O irmão de Eduardo, o fazendeiro de Mar de Hespanha Belchior Dutra de Moraes, era mais um escravocrata. Há registros de que um grupo de escravos de Belchior assassinou o feitor de sua fazenda em reação à violência dos castigos recebidos.

Então, o meu avô casar-se com uma mulher negra parecia ser uma afronta. Ele não ligou. Passou por cima disso e veio com ela para cá. Teve dois filhos até ser abandonando. Ela não levou os filhos pois sabia que, com um novo homem e numa sociedade onde a mulher era - e às vezes ainda é - submissa, eles correriam o risco de serem agredidos e rejeitados pelo padrasto. Risco que eles não corriam com o pai.

Há quem possa julgar sua atitude - abandonar filhos e marido para viver com outro homem - leviana. Eu não. Principalmente porque este homem foi verdadeiramente o homem a quem ela amou e quis viver até morrer. Mas dizem que ela se escondia atrás das árvores para ver minha mãe e meu tio entrando e saindo da escola.

Minha avó já morreu faz muito tempo. Incomodava-me não conhecer seu rosto. Em Natividade encontramos a casa de Tia Nair, a única irmã viva de minha avó. Com mal de Alzheimer, ela não lembrou de minha mãe, muito menos de nós, a queM ela conhecia agora. Sentamos e tomamos um café, ouvindo o barulho das águas do rio Muriaé.

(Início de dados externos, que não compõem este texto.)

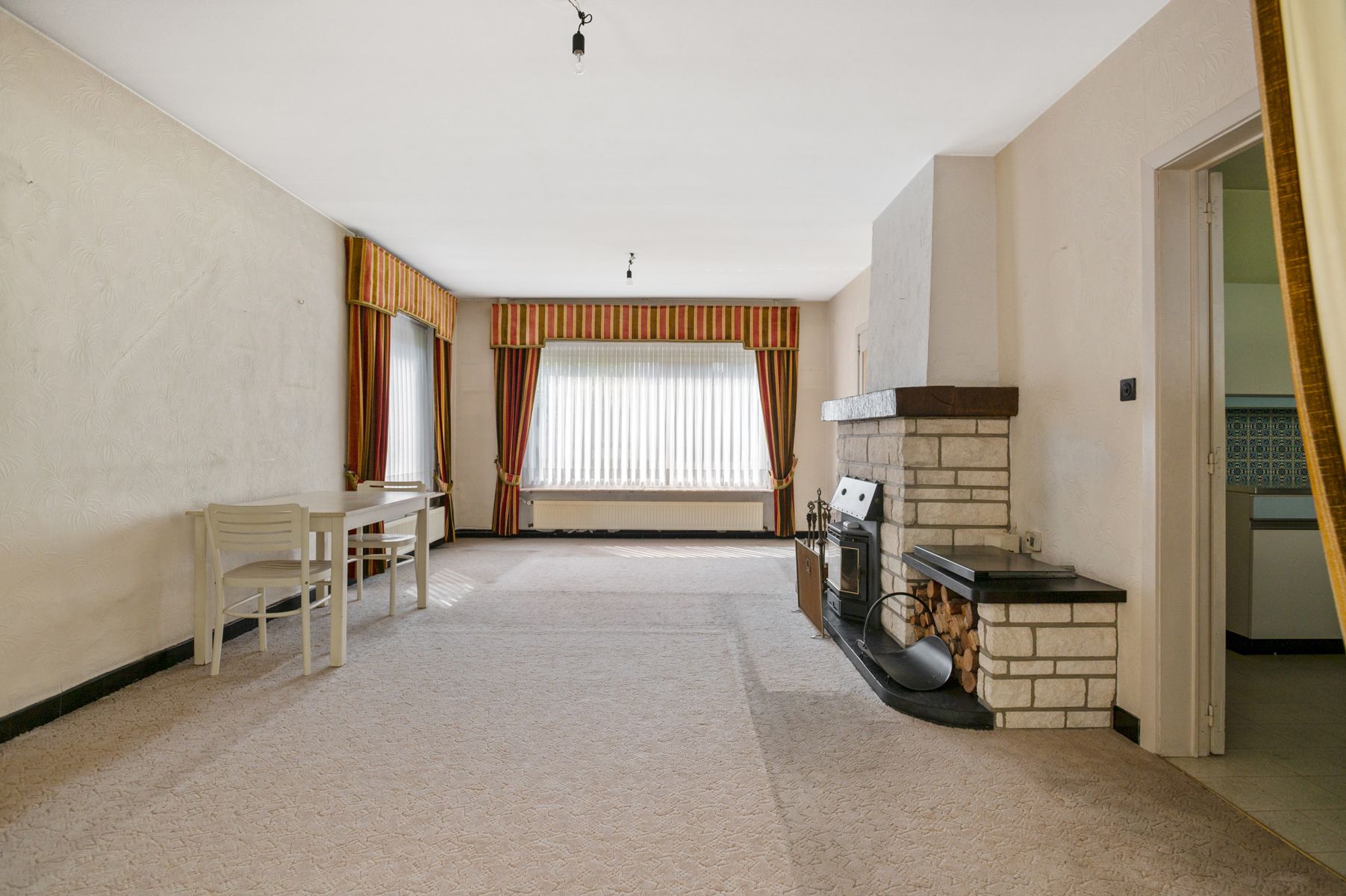 4-gevelwoning met potentieel in Meise te koop! foto 4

Não resisti e perguntei se havia uma foto de minha avó. Havia. Uma só. E de repente um mundo inteiro de subjetividades se destrói e se reconstrói. Havia um rosto. A foto foi tirada no casamento da filha de Tia Nair. O vestido foi enviado por minha mãe. Porque mamãe soube que ela não ía à festa pois não tinha roupa. Ainda bem.


Ainda há muito pra contar sobre tudo o que nos emocionou nessa viagem. Mas sei, também, o quanto isso seria enfadonho para os que me lêem. Fico por aqui.

Abraços e até!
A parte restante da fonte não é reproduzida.